Обсуждение: UNIQUE null treatment option
The SQL standard has been ambiguous about whether null values in unique constraints should be considered equal or not. Different implementations have different behaviors. In the SQL:202x draft, this has been formalized by making this implementation-defined and adding an option on unique constraint definitions UNIQUE [ NULLS [NOT] DISTINCT ] to choose a behavior explicitly. This patch adds this option to PostgreSQL. The default behavior remains UNIQUE NULLS DISTINCT. Making this happen in the btree code is apparently pretty easy; most of the patch is just to carry the flag around to all the places that need it. The CREATE UNIQUE INDEX syntax extension is not from the standard, it's my own invention. (I named all the internal flags, catalog columns, etc. in the negative ("nulls not distinct") so that the default PostgreSQL behavior is the default if the flag is false. But perhaps the double negatives make some code harder to read.)
Вложения
On Fri, Aug 27, 2021 at 3:38 PM Peter Eisentraut <peter.eisentraut@enterprisedb.com> wrote:
In the SQL:202x draft, this
has been formalized by making this implementation-defined and adding
an option on unique constraint definitions UNIQUE [ NULLS [NOT]

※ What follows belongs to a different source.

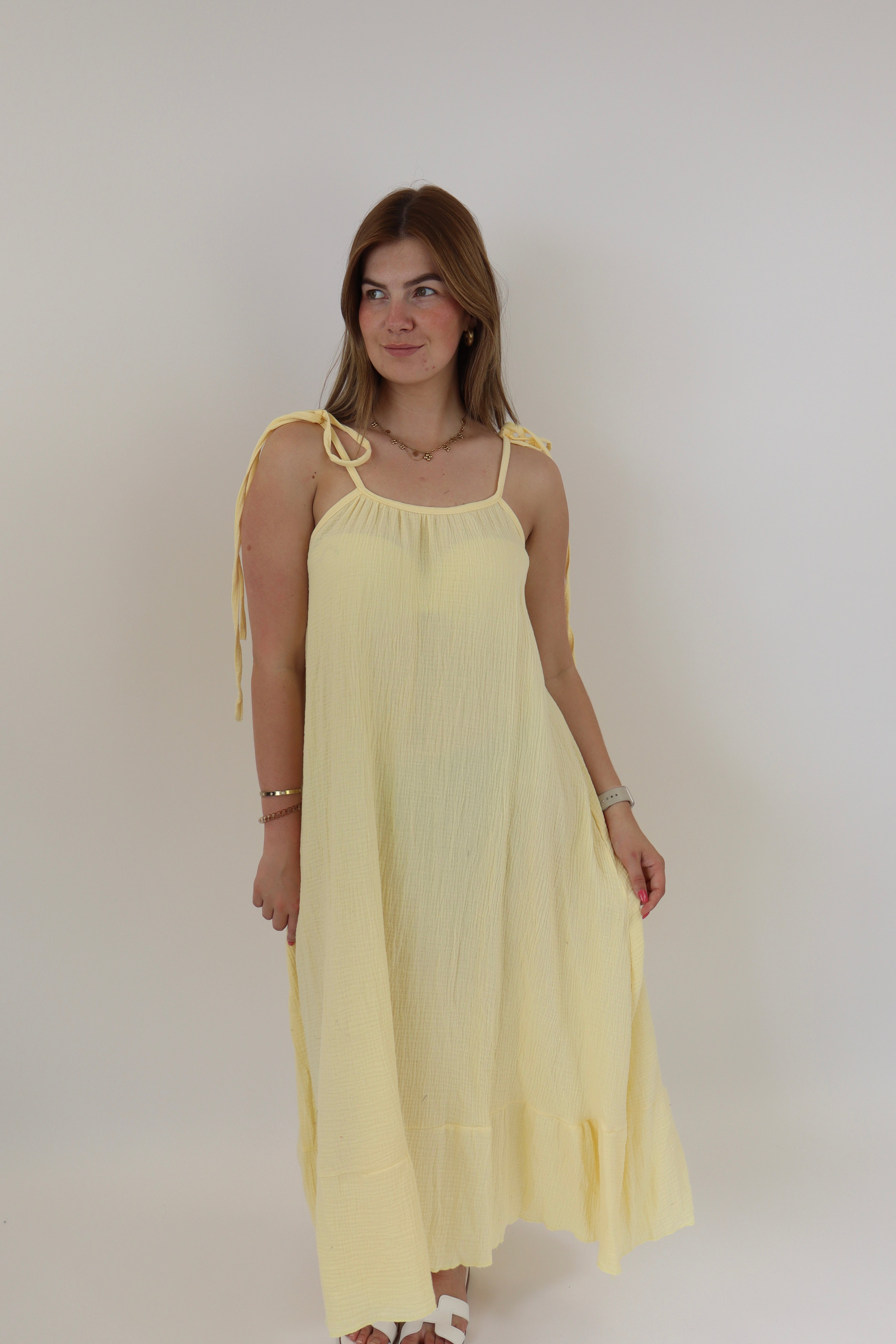 Britney Maxi Bow Dress Yellow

DISTINCT ] to choose a behavior explicitly.
The CREATE UNIQUE INDEX syntax extension is not from the standard,
it's my own invention.
For the unique index syntax, should this be selectable per column/expression, rather than for the entire index as a whole?
.m
On 27.08.21 14:44, Marko Tiikkaja wrote: > On Fri, Aug 27, 2021 at 3:38 PM Peter Eisentraut > <peter.eisentraut@enterprisedb.com > <mailto:peter.eisentraut@enterprisedb.com>> wrote: > > In the SQL:202x draft, this > has been formalized by making this implementation-defined and adding > an option on unique constraint definitions UNIQUE [ NULLS [NOT] > DISTINCT ] to choose a behavior explicitly. > > The CREATE UNIQUE INDEX syntax extension is not from the standard, > it's my own invention. > > > For the unique index syntax, should this be selectable per > column/expression, rather than for the entire index as a whole? Semantically, this would be possible, but the bookkeeping to make it work seems out of proportion with the utility. And you'd have the unique index syntax out of sync with the unique constraint syntax, which would be pretty confusing.
Here is a rebased version of this patch. On 27.08.21 14:38, Peter Eisentraut wrote: > The SQL standard has been ambiguous about whether null values in > unique constraints should be considered equal or not. Different > implementations have different behaviors. In the SQL:202x draft, this > has been formalized by making this implementation-defined and adding > an option on unique constraint definitions UNIQUE [ NULLS [NOT] > DISTINCT ] to choose a behavior explicitly. > > This patch adds this option to PostgreSQL. The default behavior > remains UNIQUE NULLS DISTINCT. Making this happen in the btree code > is apparently pretty easy; most of the patch is just to carry the flag > around to all the places that need it. > > The CREATE UNIQUE INDEX syntax extension is not from the standard, > it's my own invention. > > (I named all the internal flags, catalog columns, etc. in the > negative ("nulls not distinct") so that the default PostgreSQL > behavior is the default if the flag is false. But perhaps the double > negatives make some code harder to read.)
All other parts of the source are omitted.